::: Records

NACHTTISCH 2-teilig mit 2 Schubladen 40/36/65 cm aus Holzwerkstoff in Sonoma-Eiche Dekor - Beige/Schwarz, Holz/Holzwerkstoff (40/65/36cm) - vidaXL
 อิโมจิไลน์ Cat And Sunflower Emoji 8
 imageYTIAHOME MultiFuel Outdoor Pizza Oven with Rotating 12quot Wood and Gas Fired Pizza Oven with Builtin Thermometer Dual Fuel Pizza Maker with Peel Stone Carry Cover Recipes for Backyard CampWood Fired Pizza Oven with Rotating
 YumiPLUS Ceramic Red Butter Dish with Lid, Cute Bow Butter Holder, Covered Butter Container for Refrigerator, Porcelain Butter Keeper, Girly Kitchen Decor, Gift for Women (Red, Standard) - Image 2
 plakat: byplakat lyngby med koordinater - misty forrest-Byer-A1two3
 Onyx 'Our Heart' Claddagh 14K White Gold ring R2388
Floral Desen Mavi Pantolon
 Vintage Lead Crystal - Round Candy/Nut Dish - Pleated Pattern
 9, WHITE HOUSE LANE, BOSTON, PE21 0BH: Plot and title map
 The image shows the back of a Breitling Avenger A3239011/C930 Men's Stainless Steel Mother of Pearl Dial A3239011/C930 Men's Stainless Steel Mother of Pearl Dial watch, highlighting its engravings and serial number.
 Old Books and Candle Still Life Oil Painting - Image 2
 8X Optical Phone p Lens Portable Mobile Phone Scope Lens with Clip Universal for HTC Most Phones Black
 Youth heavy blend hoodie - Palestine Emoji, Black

::::::

» **The problem**:
Which lines run from the one holding "Onyx 'Our Heart'" through the one holding "Old Books and" in the records above? Repeat them exactly, both included, and nothing more.

» **Your solution**:
 Onyx 'Our Heart' Claddagh 14K White Gold ring R2388
Floral Desen Mavi Pantolon
 Vintage Lead Crystal - Round Candy/Nut Dish - Pleated Pattern
 9, WHITE HOUSE LANE, BOSTON, PE21 0BH: Plot and title map
 The image shows the back of a Breitling Avenger A3239011/C930 Men's Stainless Steel Mother of Pearl Dial A3239011/C930 Men's Stainless Steel Mother of Pearl Dial watch, highlighting its engravings and serial number.
 Old Books and Candle Still Life Oil Painting - Image 2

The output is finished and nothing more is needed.